- **Work task**
Could you repeat the entries below word for word, leaving nothing out?

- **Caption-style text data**
————
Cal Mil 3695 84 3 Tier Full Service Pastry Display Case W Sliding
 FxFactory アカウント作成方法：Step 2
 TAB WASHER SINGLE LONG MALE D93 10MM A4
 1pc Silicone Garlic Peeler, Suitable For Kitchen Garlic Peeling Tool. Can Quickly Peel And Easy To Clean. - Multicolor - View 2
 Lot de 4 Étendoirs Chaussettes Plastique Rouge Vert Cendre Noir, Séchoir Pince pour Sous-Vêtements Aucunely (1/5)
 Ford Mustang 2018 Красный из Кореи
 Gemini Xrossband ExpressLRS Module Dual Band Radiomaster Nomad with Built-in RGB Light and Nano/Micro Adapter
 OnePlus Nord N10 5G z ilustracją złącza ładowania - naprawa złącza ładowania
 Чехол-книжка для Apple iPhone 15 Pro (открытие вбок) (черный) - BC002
————
- **Result of this exercise**
Cal Mil 3695 84 3 Tier Full Service Pastry Display Case W Sliding
 FxFactory アカウント作成方法：Step 2
 TAB WASHER SINGLE LONG MALE D93 10MM A4
 1pc Silicone Garlic Peeler, Suitable For Kitchen Garlic Peeling Tool. Can Quickly Peel And Easy To Clean. - Multicolor - View 2
 Lot de 4 Étendoirs Chaussettes Plastique Rouge Vert Cendre Noir, Séchoir Pince pour Sous-Vêtements Aucunely (1/5)
 Ford Mustang 2018 Красный из Кореи
 Gemini Xrossband ExpressLRS Module Dual Band Radiomaster Nomad with Built-in RGB Light and Nano/Micro Adapter
 OnePlus Nord N10 5G z ilustracją złącza ładowania - naprawa złącza ładowania
 Чехол-книжка для Apple iPhone 15 Pro (открытие вбок) (черный) - BC002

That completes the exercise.